Would you count the lines in the entries below that contain "Light"? Reply with the number only.

[Brief descriptive captions]
((

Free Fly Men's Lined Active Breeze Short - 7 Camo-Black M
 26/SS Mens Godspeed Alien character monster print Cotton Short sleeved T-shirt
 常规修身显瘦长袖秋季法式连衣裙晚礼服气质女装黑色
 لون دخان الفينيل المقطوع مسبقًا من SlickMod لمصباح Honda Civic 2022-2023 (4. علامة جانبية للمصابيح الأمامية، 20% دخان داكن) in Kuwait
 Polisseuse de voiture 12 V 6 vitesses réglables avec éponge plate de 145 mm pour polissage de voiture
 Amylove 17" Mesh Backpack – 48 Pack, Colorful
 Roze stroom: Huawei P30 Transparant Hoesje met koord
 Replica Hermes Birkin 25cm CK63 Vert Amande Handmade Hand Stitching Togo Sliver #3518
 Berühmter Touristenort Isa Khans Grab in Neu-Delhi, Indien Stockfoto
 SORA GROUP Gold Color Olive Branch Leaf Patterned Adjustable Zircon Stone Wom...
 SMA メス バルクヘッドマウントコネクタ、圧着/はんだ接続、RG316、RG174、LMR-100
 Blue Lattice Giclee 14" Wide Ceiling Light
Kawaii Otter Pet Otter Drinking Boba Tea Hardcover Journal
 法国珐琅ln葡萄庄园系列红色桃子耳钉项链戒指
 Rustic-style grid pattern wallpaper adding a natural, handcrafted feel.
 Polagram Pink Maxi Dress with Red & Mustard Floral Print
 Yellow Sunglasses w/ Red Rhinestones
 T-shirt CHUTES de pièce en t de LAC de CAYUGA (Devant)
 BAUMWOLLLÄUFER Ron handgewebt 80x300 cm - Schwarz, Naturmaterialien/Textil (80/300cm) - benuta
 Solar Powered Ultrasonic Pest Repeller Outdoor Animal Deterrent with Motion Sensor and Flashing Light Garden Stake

))

* **RESULT OF THIS TASK**
2